Sometimes I wonder how many of the entrepreneurs working on the “next killer app” realize how much of the web 2.0 is about connecting people who are on the “edge” (of the “content publishing” world, that is) and allowing them to interact. This ability to connect people through services, transparently, is amazing, and something I personally think about a lot - and now even more, since the work I’ve been doing is all about this sort of stuff.
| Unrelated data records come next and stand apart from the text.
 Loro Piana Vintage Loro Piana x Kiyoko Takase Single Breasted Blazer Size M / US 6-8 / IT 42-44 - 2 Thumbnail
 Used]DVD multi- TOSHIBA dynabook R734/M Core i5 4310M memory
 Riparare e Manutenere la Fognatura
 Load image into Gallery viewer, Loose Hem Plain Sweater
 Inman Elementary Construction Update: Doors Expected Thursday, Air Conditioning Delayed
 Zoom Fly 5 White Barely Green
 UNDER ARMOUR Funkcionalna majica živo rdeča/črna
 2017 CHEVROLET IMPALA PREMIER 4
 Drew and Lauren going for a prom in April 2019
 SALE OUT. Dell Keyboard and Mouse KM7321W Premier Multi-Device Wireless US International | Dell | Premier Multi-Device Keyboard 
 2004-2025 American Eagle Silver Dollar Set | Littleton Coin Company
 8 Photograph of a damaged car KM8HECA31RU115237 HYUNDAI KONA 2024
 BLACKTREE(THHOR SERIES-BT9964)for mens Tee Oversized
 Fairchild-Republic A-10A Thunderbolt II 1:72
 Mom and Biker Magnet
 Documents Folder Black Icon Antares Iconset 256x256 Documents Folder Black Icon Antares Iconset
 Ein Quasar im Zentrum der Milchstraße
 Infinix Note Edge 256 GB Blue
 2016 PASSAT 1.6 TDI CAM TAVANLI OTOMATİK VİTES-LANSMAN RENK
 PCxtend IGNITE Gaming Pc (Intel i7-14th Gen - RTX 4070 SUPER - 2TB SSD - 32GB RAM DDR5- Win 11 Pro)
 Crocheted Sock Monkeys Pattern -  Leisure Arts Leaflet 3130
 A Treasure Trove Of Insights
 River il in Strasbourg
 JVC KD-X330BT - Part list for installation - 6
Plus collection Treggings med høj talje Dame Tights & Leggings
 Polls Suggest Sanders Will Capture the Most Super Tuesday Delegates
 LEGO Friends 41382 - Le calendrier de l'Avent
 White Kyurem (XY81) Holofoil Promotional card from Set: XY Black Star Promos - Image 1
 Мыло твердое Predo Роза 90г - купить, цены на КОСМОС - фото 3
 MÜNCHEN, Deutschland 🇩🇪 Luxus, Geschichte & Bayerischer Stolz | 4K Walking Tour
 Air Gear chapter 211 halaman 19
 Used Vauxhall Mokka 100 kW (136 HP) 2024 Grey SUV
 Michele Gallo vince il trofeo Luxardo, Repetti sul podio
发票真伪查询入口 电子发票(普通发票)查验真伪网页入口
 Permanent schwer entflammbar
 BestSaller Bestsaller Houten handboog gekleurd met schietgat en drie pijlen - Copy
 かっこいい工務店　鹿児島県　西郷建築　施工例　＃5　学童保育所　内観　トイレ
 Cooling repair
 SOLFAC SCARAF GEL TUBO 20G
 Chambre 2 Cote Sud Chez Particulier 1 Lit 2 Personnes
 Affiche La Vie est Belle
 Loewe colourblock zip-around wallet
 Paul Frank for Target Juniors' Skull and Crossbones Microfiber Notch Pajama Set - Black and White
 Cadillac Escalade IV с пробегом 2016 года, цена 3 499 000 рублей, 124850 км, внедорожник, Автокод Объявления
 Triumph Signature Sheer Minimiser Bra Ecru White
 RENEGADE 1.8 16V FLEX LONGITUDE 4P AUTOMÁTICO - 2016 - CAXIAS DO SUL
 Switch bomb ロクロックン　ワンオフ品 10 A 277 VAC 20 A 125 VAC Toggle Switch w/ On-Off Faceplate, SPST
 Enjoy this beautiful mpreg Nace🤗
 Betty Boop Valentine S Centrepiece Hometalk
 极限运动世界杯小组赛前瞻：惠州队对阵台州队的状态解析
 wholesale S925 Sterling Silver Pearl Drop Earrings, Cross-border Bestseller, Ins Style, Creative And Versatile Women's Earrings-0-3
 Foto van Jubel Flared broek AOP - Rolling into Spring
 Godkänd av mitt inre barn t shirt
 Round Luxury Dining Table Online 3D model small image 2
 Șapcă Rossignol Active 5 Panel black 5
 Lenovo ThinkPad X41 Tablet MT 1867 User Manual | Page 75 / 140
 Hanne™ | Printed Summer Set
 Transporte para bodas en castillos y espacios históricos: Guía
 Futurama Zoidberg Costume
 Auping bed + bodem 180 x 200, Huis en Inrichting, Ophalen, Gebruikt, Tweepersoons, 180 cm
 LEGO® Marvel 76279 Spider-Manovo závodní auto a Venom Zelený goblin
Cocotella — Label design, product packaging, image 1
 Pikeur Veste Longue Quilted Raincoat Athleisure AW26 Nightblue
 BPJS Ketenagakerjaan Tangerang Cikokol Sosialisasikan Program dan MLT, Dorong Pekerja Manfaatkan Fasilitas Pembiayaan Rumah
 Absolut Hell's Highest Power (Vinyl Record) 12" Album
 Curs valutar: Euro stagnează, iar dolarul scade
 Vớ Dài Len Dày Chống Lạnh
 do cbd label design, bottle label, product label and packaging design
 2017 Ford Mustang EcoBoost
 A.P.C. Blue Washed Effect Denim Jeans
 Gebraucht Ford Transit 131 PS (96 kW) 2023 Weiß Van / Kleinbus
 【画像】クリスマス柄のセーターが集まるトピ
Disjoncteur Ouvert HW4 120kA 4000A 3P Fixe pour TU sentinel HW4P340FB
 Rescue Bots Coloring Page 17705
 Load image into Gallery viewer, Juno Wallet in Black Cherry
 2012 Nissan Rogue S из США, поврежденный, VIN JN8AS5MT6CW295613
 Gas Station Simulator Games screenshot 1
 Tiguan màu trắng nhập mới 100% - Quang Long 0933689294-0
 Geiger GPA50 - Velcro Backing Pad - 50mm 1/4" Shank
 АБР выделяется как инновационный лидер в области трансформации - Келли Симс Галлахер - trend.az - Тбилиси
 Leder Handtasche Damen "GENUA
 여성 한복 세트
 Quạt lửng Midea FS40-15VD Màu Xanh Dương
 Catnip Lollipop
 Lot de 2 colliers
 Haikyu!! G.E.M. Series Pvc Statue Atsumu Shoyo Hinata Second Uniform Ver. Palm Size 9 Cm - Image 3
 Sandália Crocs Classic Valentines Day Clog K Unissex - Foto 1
One concern of mine is how much social software out there packs no meaningful “social object” - you know, what connects two or more people (like photos on Flickr, podcasts on Odeo or videos on YouTube). The result is usually the same all the time - people get tired, they stop visiting or they leave. Plus, there’s the problem of not being connected to the social network all the time (you are not on, say, hi5 all the time - hopefully), eventually leading people to forget or ignore the software. The meaningfulness of the social object around which the social network revolves is extremely important. Too important to forget.


Comments on this post

Mario Bai

The keyword… keep it simple and stupid. But it seems that in the 2.0 development only the tech guys or internet junks giving points to new apps, where is the real customer? Sure they are online, and they are using Yahoo/MSN/AIM chat and their Outlook or Thunderbird to stay in contact with who ever. Now giving this fact, staying in contact through email is not the most elegant way of course, but people do… why? Email gives you the time and privacy of course, nobody behind you to be shamed for if you make a spelling mistake (like me) to get a red head if you don’t know why suddenly all kinds of graphics and sounds (Yahoo & MSN messenger) fly over your screen and yelling out of your speakers… to go through thousand and one settings to have a live talk or video chat (try to set up a web cam on your pc, 80% of just normal web surfers don’t know and don’t want to know how this all works) Flickr is nice however forgiven with tech junks talking abra cadabra and how to get your photographs in blogs… Now say yourself is that the way to go, it seems to look simple but it isn’t at all actually. My friends, family etc. (and i have lot’s of them) all wanted to stay in contact with me, I live in Bali Indonesia they live in Europe, Australia, AMerica… LEt me tell you this, after ten years not one is using Yahoo, MSN, Flickr or anything like that to stay in contact. Email is the magic word and I think actually it will stay the magic word for a long long time to come. I remember the days when people said printed magazines and news papers would dissapear… so wrong so wrong…!

Pete Cashmore

Fred,

This post has been sitting in my feedreader (marked “as new”) for ages now. I think what really interests me is that phrase “the social object”. It offers a nice insight into why some communities fade away for lack of an object (Friendster), while others succeed because of their focus on a single social object (flickr=photos, myspace=music?, del.icio.us=links). The social object is an intrinsic part of social networks, and too many people overlook it. In the case of Friendster, there’s no “there” there.